Terms & Conditions
Dotted Line MFG, TERMS AND CONDITIONS OF SALE
Products ordered from JDMFG, LLC., DBA Dotted Line MFG , a California Limited Liability Company with offices at 400 S. Detroit St., #314, Los Angeles, CA 90036 (the "Seller") are sold to Seller's customers (each, a "Customer") in accordance with the following terms and conditions of sale (these "Terms and Conditions"):
1. Acceptance of These Terms and Conditions. These Terms and Conditions are incorporated into all invoices from Seller and are applicable to all sales of Seller's products and form a binding contract between the parties. Except for item number, product description, quantity, delivery schedule, price and special payment or delivery terms, if any (the "Order Details"), appearing on the first page of Seller's invoice, Seller hereby objects to and rejects any contrary or additional terms and conditions, including but not limited to those appearing on, incorporated by reference in or attached to a corresponding purchase order. Customer 's acceptance of the products identified in the Order Details shall constitute acceptance of these Terms and Conditions. To the extent Customer and Seller have entered into a separate, specific written agreement executed by both parties regarding the purchase of the Products and/or Services to which this Order applies, such agreement shall govern such purchases where conflicts exist between it and these Terms and Conditions.

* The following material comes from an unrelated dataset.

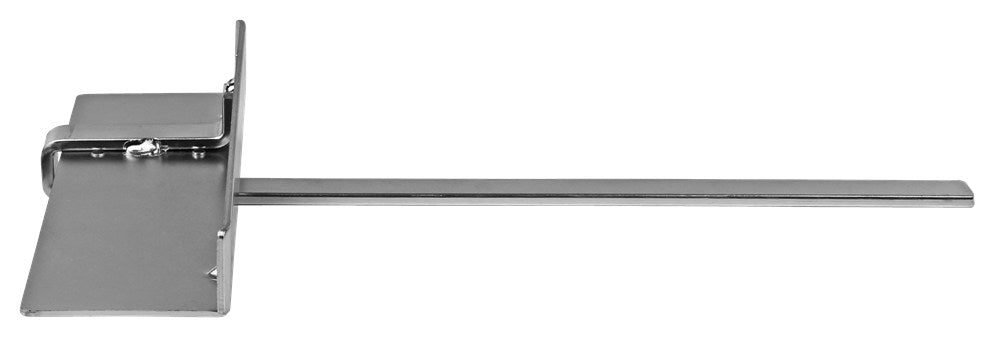 Afbeelding Makita parallelgeleider 165084-6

All products ordered from JDMFG, LLC., d/b/a Dotted Line MFG, are sold to customers pursuant to terms and conditions of sale located online at the following link: https://www.dottedlinemfg.com/terms-conditions-dlmfg which are hereby incorporated by reference into this invoice and shall govern the transaction between the parties. These terms and conditions are applicable to all sales of Dotted Line MFG products and form the entire binding contract between the parties. Except for item number, product description, quantity, delivery schedule, price and special payment or delivery terms, if any (the "Order Details"), appearing on the first page of this invoice, Dotted Line MFG hereby objects to and rejects any contrary or additional terms and conditions, including but not limited to those appearing on, incorporated by reference in or attached to a corresponding purchase order. Your acceptance of this invoice by tendering payment to Dotted Line MFG shall constitute acceptance of these terms and conditions. These terms and conditions are subject to change, and that the terms and conditions in effect at the time of each new order shall be those on located at https://gaiterking.com/pages/terms-conditions at the time each invoice is issued to customer. If you have any issue accessing the terms and conditions, or would otherwise like to request a written copy of the terms and conditions, then please respond to the email account that issued this invoice, along with a copy to email@example.com.
2. Billing and Payment.
A) Payment shall be due upon the receipt of invoice unless separately agreed to in writing by Seller. In the event that Seller extends credit, then Seller will assess (i) service charges of one and one-half percent (1-1/2%) per month (18% annually) on past due accounts and (ii) the highest permissible fee for all returned checks. Notwithstanding the foregoing, Seller may require payment in advance and Seller reserves the right to hold shipment of products until after receipt of Customer's payment in Seller’s sole discretion.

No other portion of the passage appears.